Fraser McReight: N/A
Wallaby number: 937
When McReight came off the bench for his test debut, he played with plenty of passion and enthusiasm, which caught my eye. But his limited minutes off the bench, as well as the lopsided scoreline, meant there wasn’t enough time to give him a fair rating.
The two-time Australian under-20s player of the year is certainly one for the future, so if he can have another strong season with the Queensland Reds, expect to see more of Fraser McReight in the Wallabies setup.
Lachlan Swinton: N/A
Wallaby number: 938
Swinton was actually really impressive in test debut, before he became the first debutant in Australian rugby history to be sent off. He’s a physical player and he brought that to the test arena, making sure that every opponent felt each of his tackles.
Considering he only played 35-minutes and got sent off, he showed that he belongs in international rugby.

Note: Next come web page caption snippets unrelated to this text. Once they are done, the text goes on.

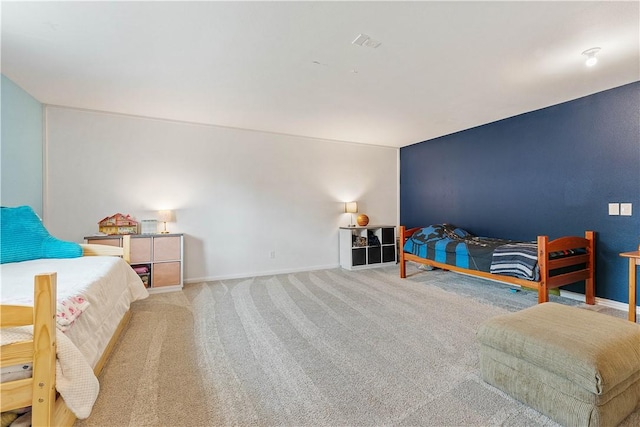 bedroom featuring carpet flooring and baseboards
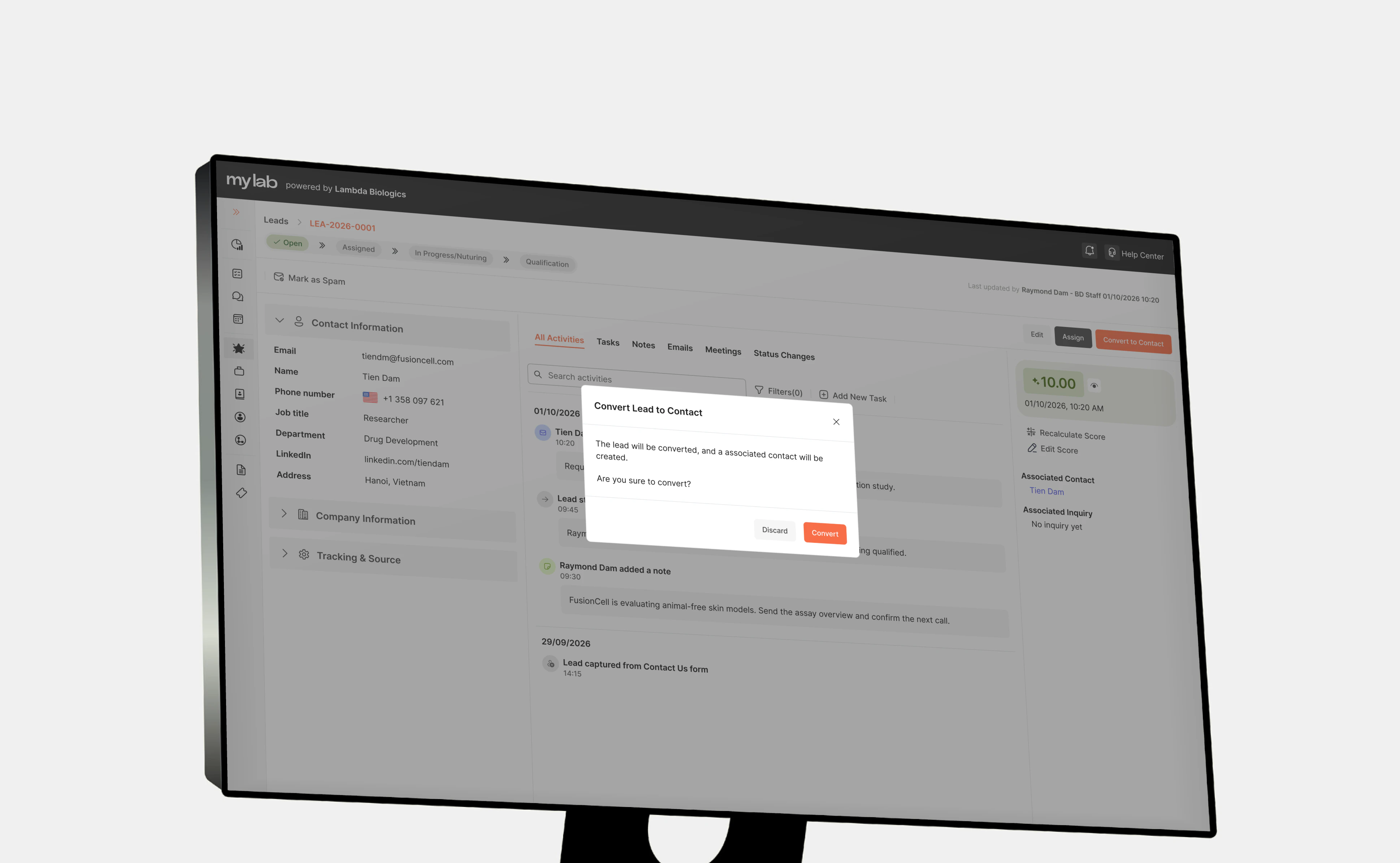 A MyLab CRM lead detail page on an angled monitor, dimmed behind a Convert Lead to Contact dialog that explains the lead will be converted and an associated contact created, with Discard and Convert buttons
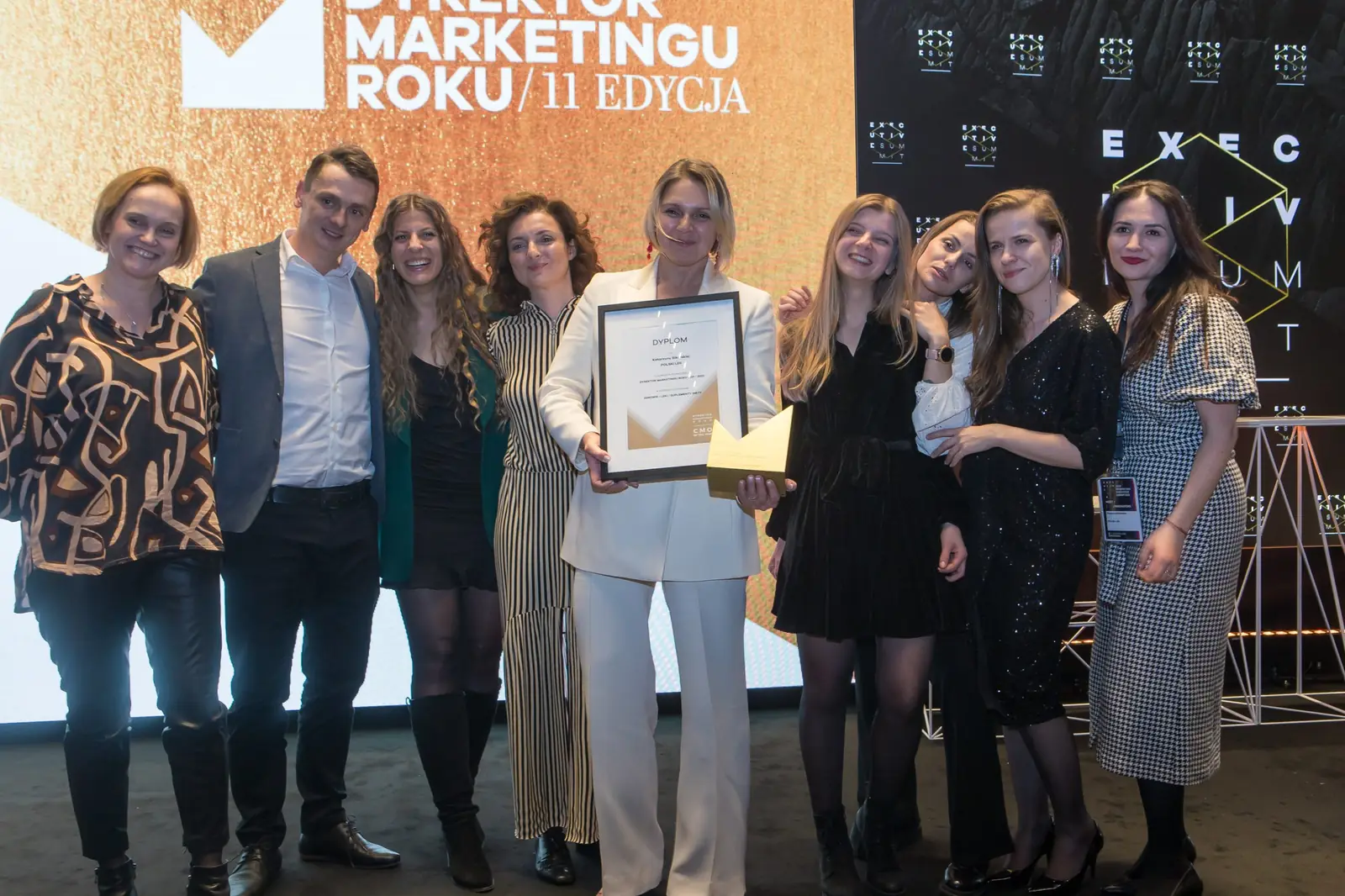Duża grupa współpracowników otacza laureatkę w białym garniturze z dyplomem i statuetką — Gala DMR XI (2022)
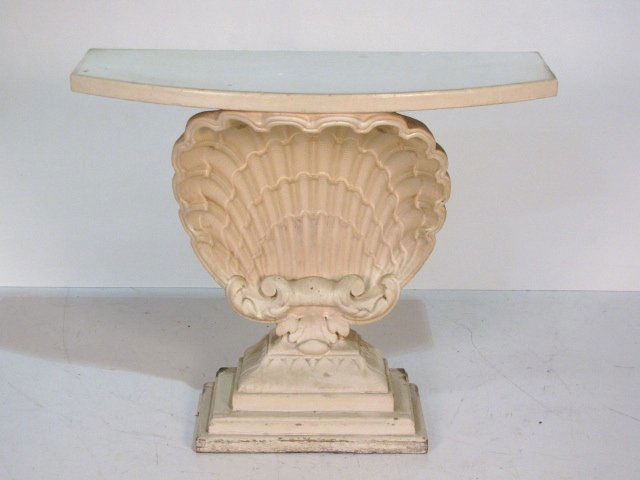 SHELL FORM CONSOLE TABLE: Plaster shell. Overpainted. 33 1/4"h. x 38"w. x 14"d.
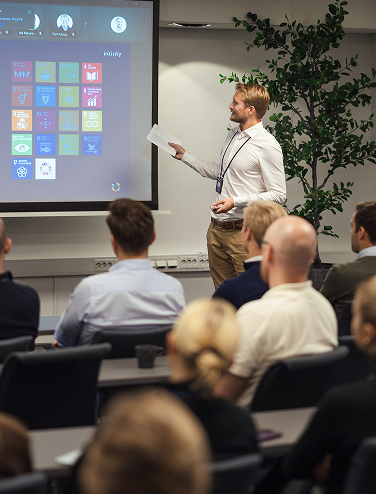 Man giving a presentation to a seated audience in a meeting room.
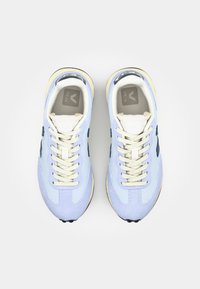 Baskets en maille bleu clair et daim, avec des lacets crème, une semelle beige et des accents bleu marine. La languette porte un logo.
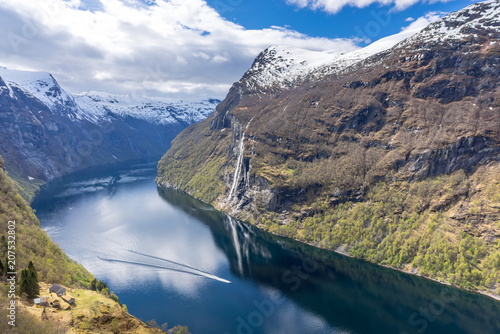 View of Geirangerfjord and Skageflå mountain farm with a boat and the Seven Sisters waterfall in the background, Norway
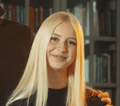 Eine junge Frau mit langen, glatten blonden Haaren lächelt in die Kamera. Sie trägt ein schwarzes Oberteil, mit einem unscharfen Bücherregal im Hintergrund. Eine Hand ruht sanft auf ihrer Schulter und vermittelt einen warmen Moment nach einem schönen Tag mit Hobby Horsing.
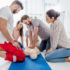 group of people looking at man performing cpr on dummy during first aid training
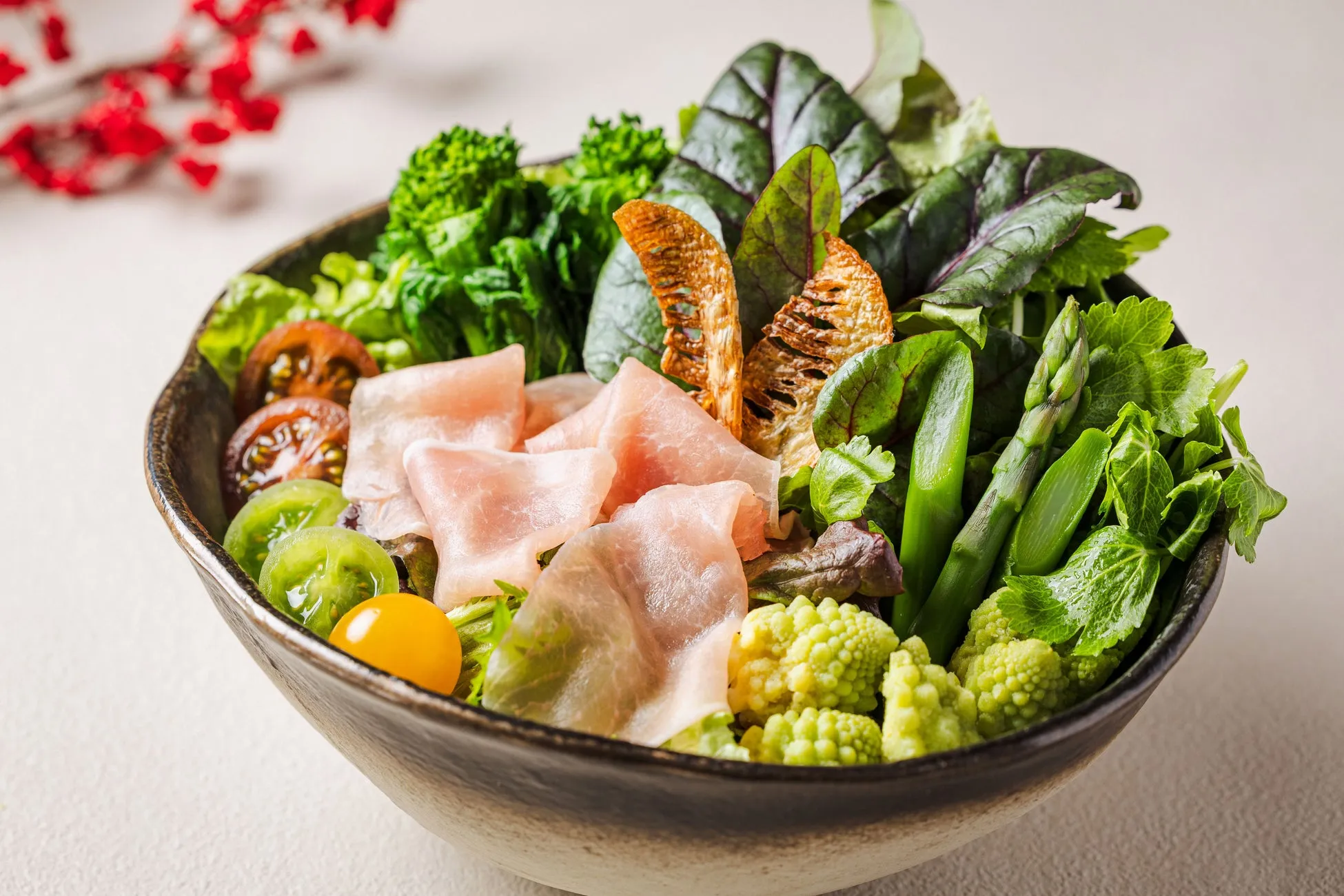 色とりどりの野菜と生ハムが盛り付けられたサラダボウル。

Still, I didn’t think it was fair to give him a rating.
Tom Wright: B
Wallaby number: 939
After watching the first three tests of the year from the sideline, Wright took his opportunity to debut in Brisbane with both hands. The former NRL player scored two-minutes into his test debut, and was generally effective in that match as well.
Australia’s chances of medalling at next year’s Tokyo Olympics have received a boost with Wallabies rookie Tom Wright expressing interest at playing at next year’s Games. #Wallabies #TokyoOlympics https://t.co/6p7SHLD25K
— RugbyPass (@RugbyPass) November 28, 2020
Wright has impressed with his pace and Rugby IQ in his three tests, running for four clean breaks in the Tri Nations. His work rate has also been quite impressive, and hasn’t done his chances of retaining his spot week-to-week any harm with his performances.
Angus Bell: B-
Wallaby number: 940
Angus Bell might just be one of the more promising talents to have made his debut for the national side.
In his three tests of the bench, the 20-year-old was reliable at the set-piece and did what was asked of him in attack, defence and around the breakdown. There was plenty of passion shown by the youngster, and it’ll be exciting to see just how much he can improve in the years ahead.